The Bank’s US $93.1 million contribution represents 51% of the total cost for the project, which will directly serve 1.1 million and facilitate travel and trade between Rwanda, Uganda and the Eastern African region.
Speaking at launch of the road construction work, Martha Phiri, Country Manager of the African Development Bank in Rwanda, expressed appreciation for the strong partnership that the Bank continues to enjoy with the Government and the people of Rwanda.
She observed that the road project aligns with Rwanda’s ambition to become a regional logistical hub.
“We are very proud to continue partnering with you at this very exciting time, as you embark on the final stretch in your journey of transition from a low-income to a middle-income country in line with your National Strategy for Transformation and Long Term Vision,” she said.
She observed that the project aligns very strongly with three of the Bank’s High 5 priorities, namely Feed Africa, Integrate Africa, and Improve the quality of life for the people of Africa.
The project is a component of a regional operation designed to strengthen transport links, while opening up and consolidating the market. The Rwanda section involves the rehabilitation and widening of the 208-kilometre Kagitumba-Kayonza-Rusumo Road. This will include two cross-border markets at Kagitumba (on the Rwanda/Uganda border) and at Rusumo (on the Rwanda/Tanzania border) and the rehabilitation of 10 milk collection centres and 10 water boreholes among other activities.

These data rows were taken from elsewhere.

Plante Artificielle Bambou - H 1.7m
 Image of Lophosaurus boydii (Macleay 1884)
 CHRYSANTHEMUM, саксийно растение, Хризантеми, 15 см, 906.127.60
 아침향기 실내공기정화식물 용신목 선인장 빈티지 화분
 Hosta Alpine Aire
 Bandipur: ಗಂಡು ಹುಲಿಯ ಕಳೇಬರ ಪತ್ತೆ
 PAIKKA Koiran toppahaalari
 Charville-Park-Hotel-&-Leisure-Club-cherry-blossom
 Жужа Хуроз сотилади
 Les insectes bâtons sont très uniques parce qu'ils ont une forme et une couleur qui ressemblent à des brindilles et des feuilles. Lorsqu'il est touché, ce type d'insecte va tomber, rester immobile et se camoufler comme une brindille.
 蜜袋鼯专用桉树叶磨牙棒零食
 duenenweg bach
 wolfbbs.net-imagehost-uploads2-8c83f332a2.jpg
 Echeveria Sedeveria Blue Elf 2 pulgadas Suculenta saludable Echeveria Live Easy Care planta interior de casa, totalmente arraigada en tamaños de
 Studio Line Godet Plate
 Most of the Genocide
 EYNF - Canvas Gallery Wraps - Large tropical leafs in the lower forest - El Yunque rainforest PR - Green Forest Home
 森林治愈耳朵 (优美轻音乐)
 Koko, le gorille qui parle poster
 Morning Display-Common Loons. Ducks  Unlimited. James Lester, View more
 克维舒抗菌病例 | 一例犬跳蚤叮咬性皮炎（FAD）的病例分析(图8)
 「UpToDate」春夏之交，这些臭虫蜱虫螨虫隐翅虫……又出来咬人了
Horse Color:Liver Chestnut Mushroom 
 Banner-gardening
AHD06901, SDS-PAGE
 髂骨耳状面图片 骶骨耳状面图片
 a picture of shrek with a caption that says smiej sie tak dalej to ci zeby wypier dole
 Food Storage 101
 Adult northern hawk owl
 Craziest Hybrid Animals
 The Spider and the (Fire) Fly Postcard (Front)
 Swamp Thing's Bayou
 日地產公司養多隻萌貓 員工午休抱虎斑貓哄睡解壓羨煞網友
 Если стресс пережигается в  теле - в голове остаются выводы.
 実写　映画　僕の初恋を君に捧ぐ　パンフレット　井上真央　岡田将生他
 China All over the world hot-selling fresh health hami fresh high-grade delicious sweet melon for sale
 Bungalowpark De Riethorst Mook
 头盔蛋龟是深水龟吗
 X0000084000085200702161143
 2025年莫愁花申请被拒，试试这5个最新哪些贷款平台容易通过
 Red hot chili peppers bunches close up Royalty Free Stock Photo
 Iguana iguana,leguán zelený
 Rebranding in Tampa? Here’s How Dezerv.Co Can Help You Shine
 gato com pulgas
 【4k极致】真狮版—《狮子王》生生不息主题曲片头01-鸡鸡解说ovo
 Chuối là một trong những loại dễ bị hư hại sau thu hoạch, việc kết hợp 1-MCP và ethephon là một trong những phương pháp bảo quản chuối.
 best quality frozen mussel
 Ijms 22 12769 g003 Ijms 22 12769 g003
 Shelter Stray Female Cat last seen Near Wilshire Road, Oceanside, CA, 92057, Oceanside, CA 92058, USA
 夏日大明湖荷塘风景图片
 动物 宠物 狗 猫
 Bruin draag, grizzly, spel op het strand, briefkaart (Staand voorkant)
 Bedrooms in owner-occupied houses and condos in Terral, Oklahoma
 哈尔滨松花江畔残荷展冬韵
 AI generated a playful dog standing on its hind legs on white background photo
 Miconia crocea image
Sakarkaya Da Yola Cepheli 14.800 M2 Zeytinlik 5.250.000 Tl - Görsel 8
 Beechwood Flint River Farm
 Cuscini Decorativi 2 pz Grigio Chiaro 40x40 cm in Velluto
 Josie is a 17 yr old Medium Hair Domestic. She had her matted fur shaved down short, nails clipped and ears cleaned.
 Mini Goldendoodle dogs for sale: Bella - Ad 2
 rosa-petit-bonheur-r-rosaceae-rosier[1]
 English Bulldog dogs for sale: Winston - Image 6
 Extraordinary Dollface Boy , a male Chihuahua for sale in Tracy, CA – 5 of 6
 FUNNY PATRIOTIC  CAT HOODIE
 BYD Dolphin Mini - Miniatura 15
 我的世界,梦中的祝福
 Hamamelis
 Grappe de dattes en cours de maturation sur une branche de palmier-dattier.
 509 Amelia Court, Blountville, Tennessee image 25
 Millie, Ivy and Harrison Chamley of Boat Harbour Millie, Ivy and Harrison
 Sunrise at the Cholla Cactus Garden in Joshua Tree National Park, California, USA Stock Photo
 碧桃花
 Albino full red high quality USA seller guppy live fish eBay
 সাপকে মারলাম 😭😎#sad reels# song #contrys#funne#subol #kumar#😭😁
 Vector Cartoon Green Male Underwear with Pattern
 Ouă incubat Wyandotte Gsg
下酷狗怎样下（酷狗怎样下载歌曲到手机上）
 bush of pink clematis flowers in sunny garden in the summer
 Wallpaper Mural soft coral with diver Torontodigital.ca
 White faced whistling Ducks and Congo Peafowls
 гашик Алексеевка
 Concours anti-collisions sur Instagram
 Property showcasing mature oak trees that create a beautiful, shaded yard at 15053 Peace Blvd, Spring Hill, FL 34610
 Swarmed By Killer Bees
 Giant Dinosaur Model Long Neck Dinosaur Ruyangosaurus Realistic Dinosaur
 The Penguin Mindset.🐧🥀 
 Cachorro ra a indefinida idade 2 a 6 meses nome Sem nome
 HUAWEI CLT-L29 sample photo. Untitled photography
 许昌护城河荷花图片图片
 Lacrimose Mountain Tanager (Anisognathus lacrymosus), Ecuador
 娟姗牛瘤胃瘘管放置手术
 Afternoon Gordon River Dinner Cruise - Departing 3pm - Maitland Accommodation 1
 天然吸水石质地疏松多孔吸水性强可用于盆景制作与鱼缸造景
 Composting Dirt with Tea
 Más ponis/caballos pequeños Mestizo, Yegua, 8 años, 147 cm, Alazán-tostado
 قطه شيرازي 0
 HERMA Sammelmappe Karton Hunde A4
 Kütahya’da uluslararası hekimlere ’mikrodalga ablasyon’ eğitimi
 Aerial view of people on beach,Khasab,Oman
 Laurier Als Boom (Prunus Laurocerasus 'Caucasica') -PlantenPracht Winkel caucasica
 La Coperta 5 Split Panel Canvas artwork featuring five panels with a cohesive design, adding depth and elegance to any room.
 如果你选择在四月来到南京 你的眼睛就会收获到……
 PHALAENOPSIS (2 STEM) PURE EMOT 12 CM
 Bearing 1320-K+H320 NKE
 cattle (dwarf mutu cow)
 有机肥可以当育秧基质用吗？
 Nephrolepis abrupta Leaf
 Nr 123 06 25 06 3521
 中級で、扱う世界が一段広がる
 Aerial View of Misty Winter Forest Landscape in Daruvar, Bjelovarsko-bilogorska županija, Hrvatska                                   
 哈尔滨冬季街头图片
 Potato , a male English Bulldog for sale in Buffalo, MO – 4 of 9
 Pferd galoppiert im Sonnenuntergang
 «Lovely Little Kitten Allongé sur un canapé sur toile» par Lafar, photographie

The project will also provide training for 1,600 women, 7 women associations and facilitate the planting of 41,500 trees. In Uganda, it involves the construction of the four-lane 23.7-km Busega-Mpigi express highway. The total cost of the multinational project is US $376.5 million, out of which US $183.39 million is for the Rwanda component.
Resources were also mobilized from the Japanese Government through JICA, the EU through the EU Infrastructure Trust Fund, and the Government of Rwanda.
Rwandan Minister of Infrastructure James Musoni thanked the partners led by African Development Bank for the financial support to the project, stressing that the collaboration was evidence of the fruitful collaboration with the Bank and other partners.
The project will ease access to markets, reduce the cost of doing business and increase the value of agricultural produce, create jobs for the local people and therefore increase household income, the Minister said.
The Bank’s ongoing portfolio in Rwanda stands at an estimated US $892 million targeting transport, energy and water infrastructure and support to skills and private-sector development.